I’ve been directly involved in rider training for just over three decades as I write. Even before that, I was writing about riding technique, based on what I’d personally learned via the usual mix of theory from books like ‘Motorcycle Roadcraft’, and how I had interpreted what I’d read in those books via my own experience as a motorcycle courier, a job I enjoyed for sixteen years. And I was doing a bit of informal coaching with a university bike club too. It was that role that pushed me towards getting some formal qualifications. This article explores the question of rider competence and how to judge it.
As I write this short note, the UK government is holding consultations on reforming rider training. Whether anything will happen, who knows? If it does, I’ll update this particular article.
Rider Competence: Who’s Truly Ready for the Road?
Back in 1995, I was just starting out on my journey to become a qualified rider coach by starting at the bottom – as a CBT instructor. Along with three other novice instructors, I took a very intensive and thorough training course with CSM – at that time the biggest rider training school in the country. The course was very hard work, and as I was to discover over the next couple of years, an excellent foundation for working with riders at all levels – I learned more about teaching in six days than I had in six months on a post-grad education course.
But at the end I still didn’t have an answer to a crucial question:
“How do you know if a trainee rider is at an adequate standard to issue a CBT certificate?”
Rider Competence and CBT
So I asked our trainer.

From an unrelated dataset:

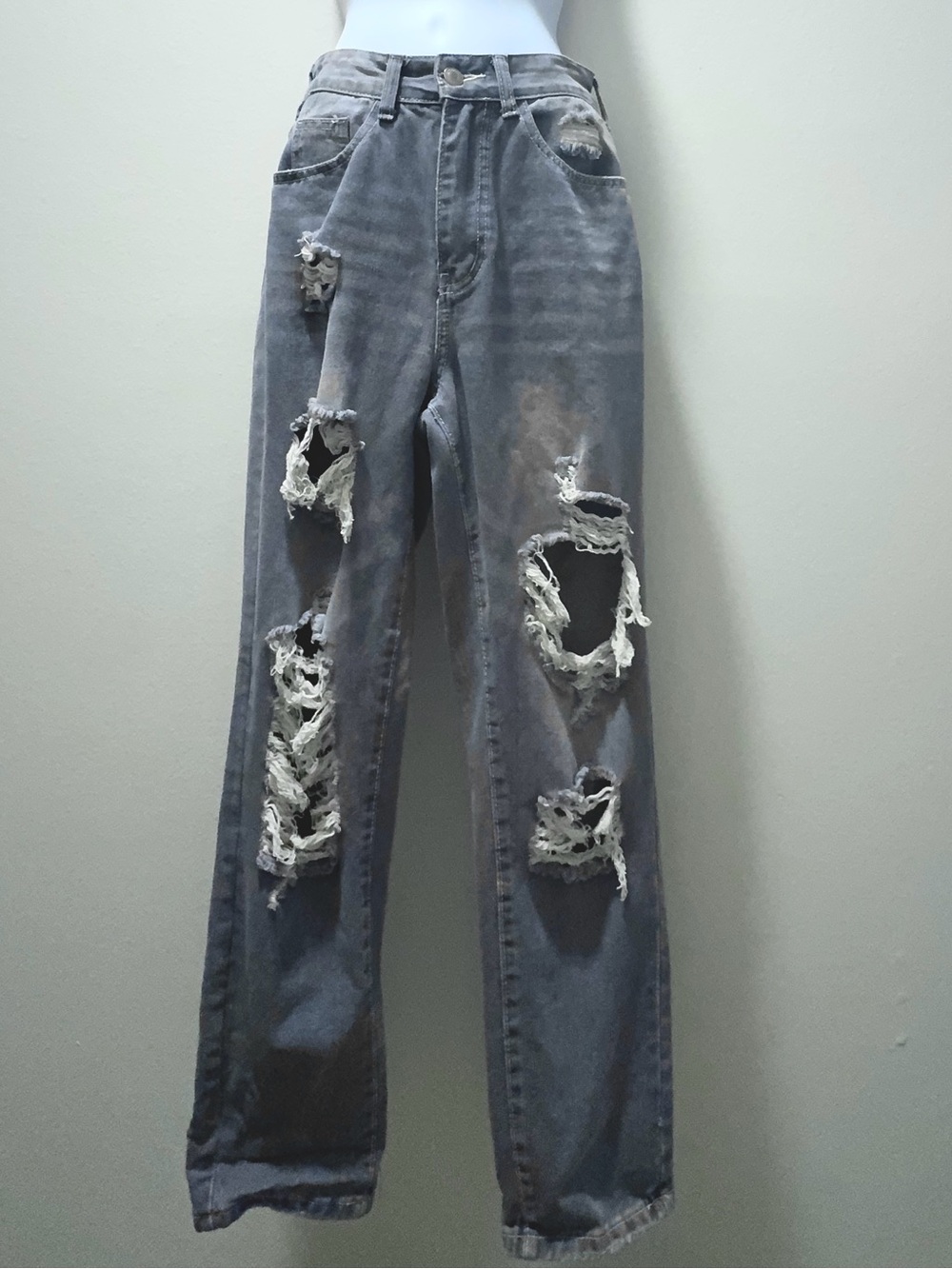 Distressed Ripped Straight Leg Jeans - Picture 6 of 6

Here was his answer:
“Is he or she likely to kill themselves as soon as they ride out of the training school gate? If yes, then they’re not at the CBT standard. If no, then give them the certificate.”
That was pretty brutal but it answered the question. If the rider could cope out on the road, being aware of the most likely hazards and having the necessary skills to change speed and direction to negotiate those threats, then that was good enough. Scary, really. It certainly doesn’t demonstrate rider competence.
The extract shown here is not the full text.